This broken Jew was deported to the death camps together with
his wife, children, relatives and entire community. The man's
wife and children were gassed, his relatives decimated and his
entire community wiped put. He emerged from the ashes a lonely
man in a vast world that had silently swallowed the blood of
six million Jews.
The Jew lost one more thing in the camps: his G-d. After what
he experienced on his own flesh, he could not continue believing
in a G-d who allowed for an Auschwitz. Although after the war
he made aliyah to Eretz Yisroel (Israel), he completely
abandoned Jewish practice and observance. Yet he missed his
old Rebbe and went to visit him in Tel Aviv.
The Gerer Rebbe himself lost large chunks of his family in the
Holocaust. In addition, nearly all of his 250,000 followers
were wiped out by the Germans. The Rebbe of Ger and some members
of his immediate family managed to escape Warsaw in 1940 and
arrived in Eretz Yisroel soon after
Upon hearing the story of his disciple, the Rebbe of Ger broke
into sobs. The man and his Rebbe sat together mourning what
they had lost. After a long period of weeping, the Gerer Rebbe
wiped his tears and said -- in Yiddish - the following:
"Before Your Eyes"
In his farewell address to his people, Moses recounts
the moment when he descended from the Sinai Mountain with the
two Divine tablets to present to the Jewish people:
"I descended from the mountain," Moses recalls, "the
mountain was still burning with fire and the two tablets of
the covenant were in my two hands. I immediately saw that you
had sinned against G-d, making a cast calf. You were so quick
to turn from the path that G-d had prescribed.
"I grasped the two tablets, and threw them down from my
two hands, and I smashed them before your eyes."
Moses proceeds to relate how after much toil he succeeded in
"persuading" G-d to forgive the Jewish people for
their sin. He then carved out a second pair of tablets to replace
the smashed first ones.
Though the two sets were identical in content, containing
the Ten Commandments, the second pair did not possess the same
Divine magic and splendor as the first tablets, which were defined
in the Torah[3]
as being a product of "G-d's handiwork and G-d's script."

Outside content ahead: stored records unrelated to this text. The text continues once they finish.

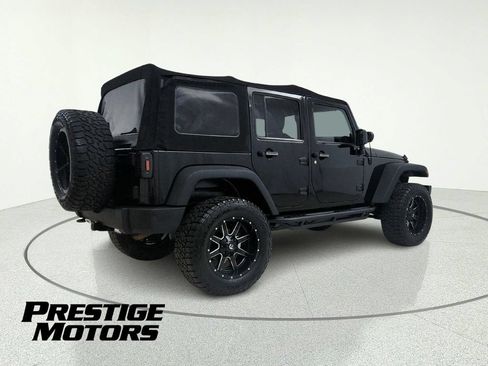 Used 2014 Jeep Wrangler Unlimited Sport w/ Quick Order Package 24S AWD/4WD image 6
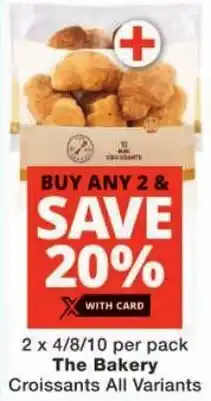 Checkers The Bakery Croissants All Variants offer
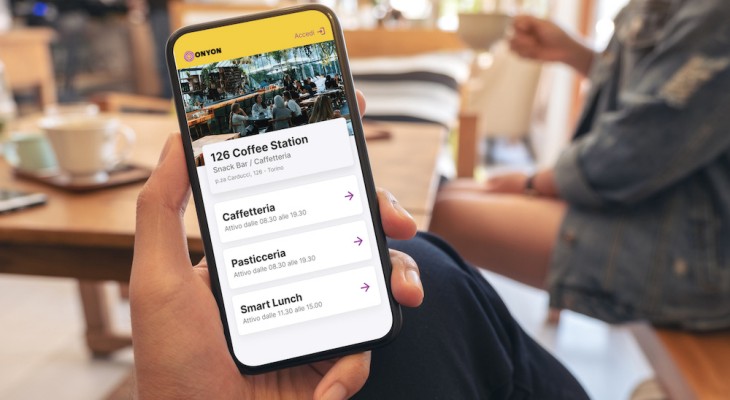 Arriva Onyon, l'applicativo che semplifica le ordinazioni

Now, considering the well-known meticulousness of each word
in the Bible, Moses' words "I smashed them before your
eyes" seem superfluous. Suppose Moses had turned around
and broken the tablets out of view, would that in anyway have
lessened the tragedy? Why did Moses find it important to emphasize
that the breaking occurred "before your eyes"[4]?
Two Worlds
What Moses was saying, explained the Rebbe of
Ger, was that "I smashed the tablets only before your eyes."

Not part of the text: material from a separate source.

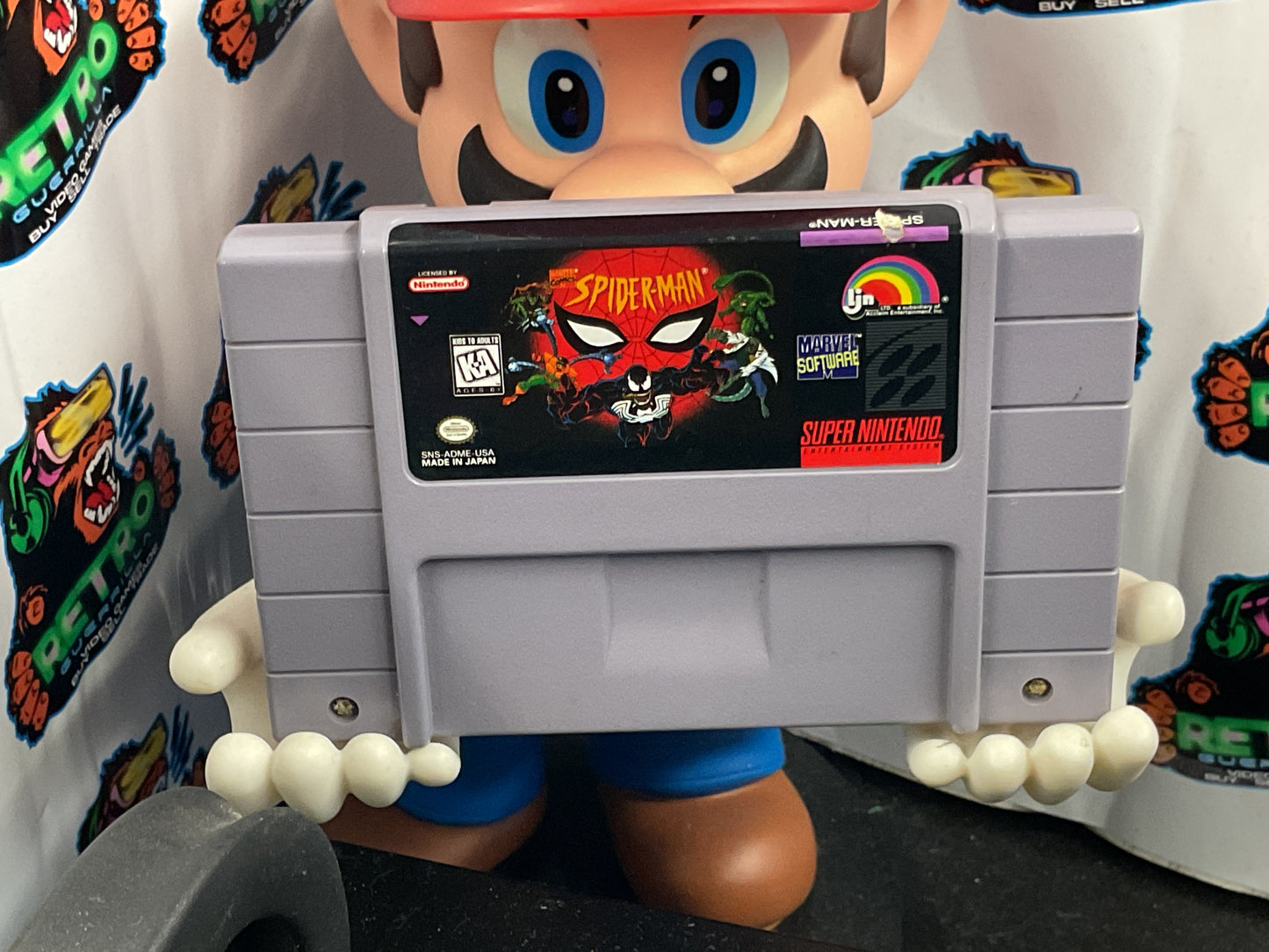 SNES Spider-Man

The shattering of the tablets occurred only before your eyes
and from your own vantage point. In reality, there exists a
world in which the tablets have never been broken.
"As hard as it is for you and I to believe," the Rebbe
concluded, "I want you to know that the decimation of our
families, our communities and our people occurred only 'before
our eyes.' There remains a world in which the Jewish people
are wholesome and complete. Beneath the surface of our perception
there exists a reality in which every single Jew from Abraham
till today is perfectly alive.
"The day will come," said the Rebbe of Ger, "when
that world will be exposed. Hashem will mend our broken tablets
and our broken nation. We will discover how the tablets were
really never broken and the Jewish people were always complete."
Shattered Dreams
Many of us once owned a set of sacred tablets
that at some point in our life were destroyed.
It may have been the death of a mother or father at a young
age, bringing to an abrupt end the nurturing and security a
child so desperately needs from parents. It may have been any
other form of pain and loss that we experienced during our life
which robbed us of the love and joy we once called our own.
Many of us create for ourselves a second pair of "tablets"
in order to substitute for the first ones that were lost. But
they are not quite the same. The second set of "tablet"
lack the magic and the innocence of the original "tablets"
that no longer exist. In the depth of our hearts we crave to
reclaim something of the wonder of the old tablets. But it is
to no avail: The clock of life never turns back.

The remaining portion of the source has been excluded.